To make an offline application really offline means to store the user
data locally. While we have a lot of support for many things now,
application might become relatively rich with a lot of functions letting
data handled by them become complex and large. If you were making a
desktop application or your application was a common web application
with a server code written in, for example, PHP, what would you use to
store and retrieve user data? SQL database, probably MySQL or SQLite. I
would like to have this for my offline application as well, in the browser.
There were one major argument against from Boris Zbarsky: "We just don't
want to ship something that exposes implementation details (e.g. behaves
exactly like a particular version of SQLLite, forcing us to ship that
version forevermore in order to avoid breaking website compat)."

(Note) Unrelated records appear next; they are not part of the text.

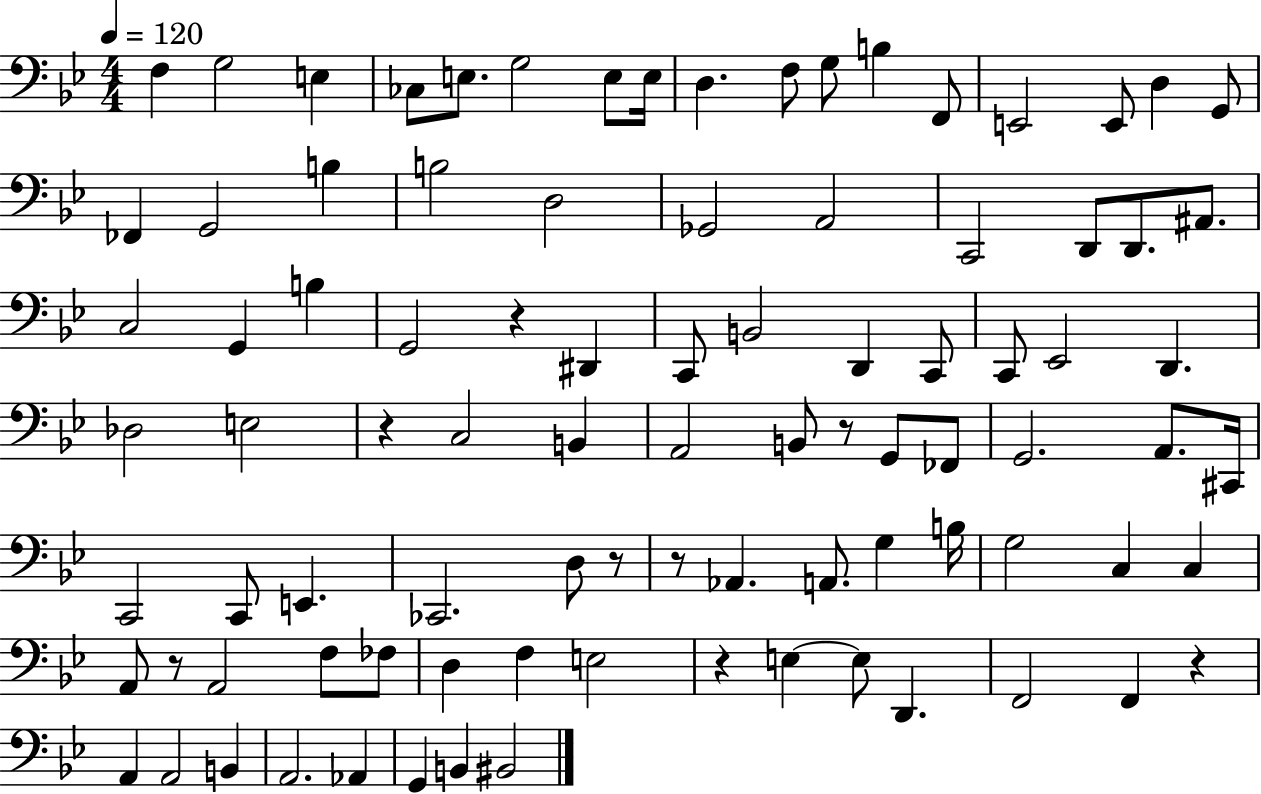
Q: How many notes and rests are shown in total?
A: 91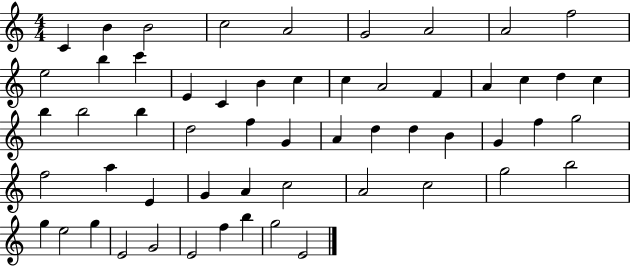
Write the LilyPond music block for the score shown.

{
  \clef treble
  \numericTimeSignature
  \time 4/4
  \key c \major
  c'4 b'4 b'2 | c''2 a'2 | g'2 a'2 | a'2 f''2 | \break e''2 b''4 c'''4 | e'4 c'4 b'4 c''4 | c''4 a'2 f'4 | a'4 c''4 d''4 c''4 | \break b''4 b''2 b''4 | d''2 f''4 g'4 | a'4 d''4 d''4 b'4 | g'4 f''4 g''2 | \break f''2 a''4 e'4 | g'4 a'4 c''2 | a'2 c''2 | g''2 b''2 | \break g''4 e''2 g''4 | e'2 g'2 | e'2 f''4 b''4 | g''2 e'2 | \break \bar "|."
}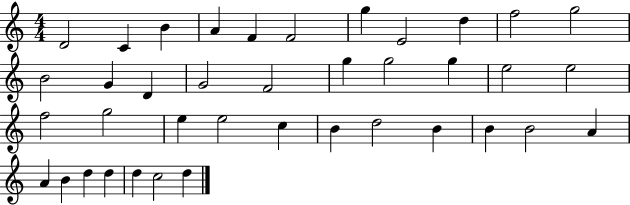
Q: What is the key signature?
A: C major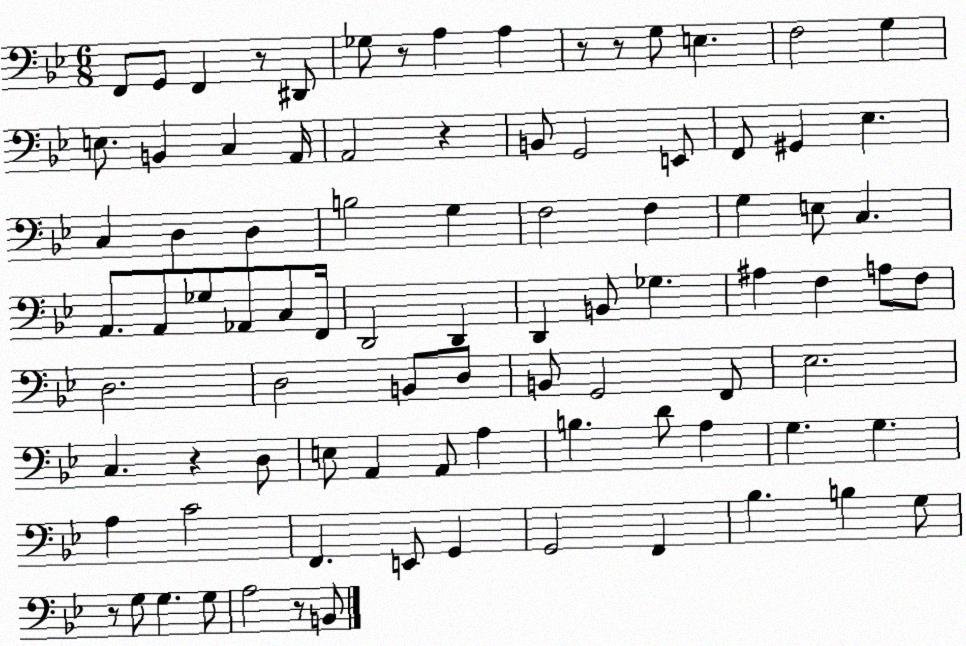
X:1
T:Untitled
M:6/8
L:1/4
K:Bb
F,,/2 G,,/2 F,, z/2 ^D,,/2 _G,/2 z/2 A, A, z/2 z/2 G,/2 E, F,2 G, E,/2 B,, C, A,,/4 A,,2 z B,,/2 G,,2 E,,/2 F,,/2 ^G,, _E, C, D, D, B,2 G, F,2 F, G, E,/2 C, A,,/2 A,,/2 _G,/2 _A,,/2 C,/2 F,,/4 D,,2 D,, D,, B,,/2 _G, ^A, F, A,/2 F,/2 D,2 D,2 B,,/2 D,/2 B,,/2 G,,2 F,,/2 _E,2 C, z D,/2 E,/2 A,, A,,/2 A, B, D/2 A, G, G, A, C2 F,, E,,/2 G,, G,,2 F,, _B, B, G,/2 z/2 G,/2 G, G,/2 A,2 z/2 B,,/2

And other argument from Shawn Wilsher: "SQL doesn't feel like a very
DOM-oriented API. We should be able to do better."
So, now comes an idea to create a wrapping API, probably object one,
that would cover access to a "structured storage". I know, personally,
one guy that tried to do this. Even he was very clever programmer, he
failed to create a really useful and performance API, because to create
such is quit impossible. When your data gets more complex and grows and
your queries come more complex while you need a scalability and
performance, what is a very important factor of success, you find out,
that you need to directly use a statement to do high performance optimal
queries. And that is the SQL language, existing for years, proved by
many use cases. That is the only full-power API to access a "structured
storage".
Simple look at wikipedia about SQL tells me that there were some
standard in the past and looks like there is still some at the present:
http://en.wikipedia.org/wiki/SQL:2008, paradoxically, you have to
purchase it, so it's probably useless for us.

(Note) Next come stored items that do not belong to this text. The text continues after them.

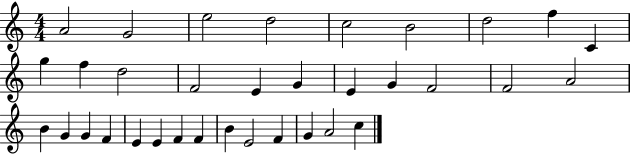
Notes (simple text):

A4/h G4/h E5/h D5/h C5/h B4/h D5/h F5/q C4/q G5/q F5/q D5/h F4/h E4/q G4/q E4/q G4/q F4/h F4/h A4/h B4/q G4/q G4/q F4/q E4/q E4/q F4/q F4/q B4/q E4/h F4/q G4/q A4/h C5/q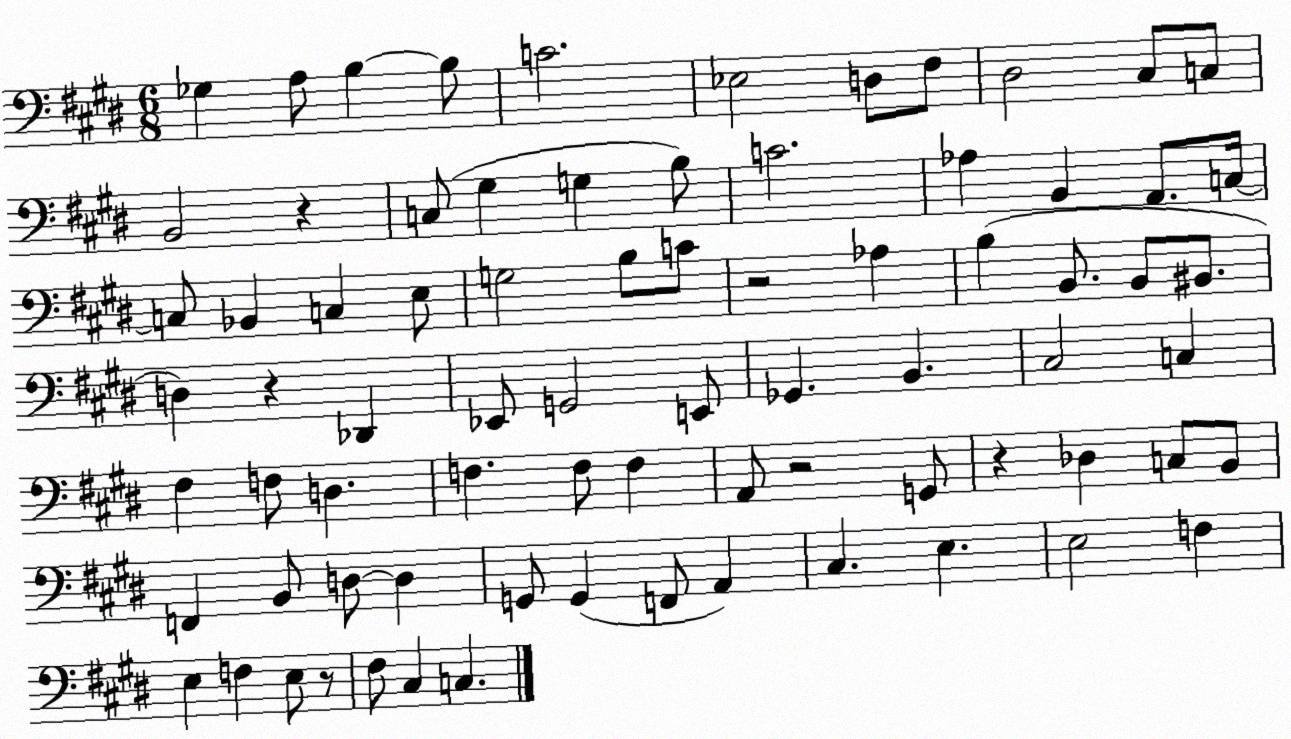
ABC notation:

X:1
T:Untitled
M:6/8
L:1/4
K:E
_G, A,/2 B, B,/2 C2 _E,2 D,/2 ^F,/2 ^D,2 ^C,/2 C,/2 B,,2 z C,/2 ^G, G, B,/2 C2 _A, B,, A,,/2 C,/4 C,/2 _B,, C, E,/2 G,2 B,/2 C/2 z2 _A, B, B,,/2 B,,/2 ^B,,/2 D, z _D,, _E,,/2 G,,2 E,,/2 _G,, B,, ^C,2 C, ^F, F,/2 D, F, F,/2 F, A,,/2 z2 G,,/2 z _D, C,/2 B,,/2 F,, B,,/2 D,/2 D, G,,/2 G,, F,,/2 A,, ^C, E, E,2 F, E, F, E,/2 z/2 ^F,/2 ^C, C,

It seems to me easier to give chance to some SQL statement filter
between a user (offline application developer) and the implementation
(say SQLite) that wouldn't deny some constructions or keywords we might
consider non-standard and try to be clever and limit to an area that
would make this 'filter' be relatively easily remade to an adapter to a
different SQL engine implementation. I never tried to write something
like that and never though about such thing. Maybe this is yet more
impossible than to have an API as I described above. But I'am willing to
discover this land.
-hb-
Yeah, this is a really hard problem. I wasn't suggesting this by any
means... It'd be nice if we could do it, but I'm not convinced we can.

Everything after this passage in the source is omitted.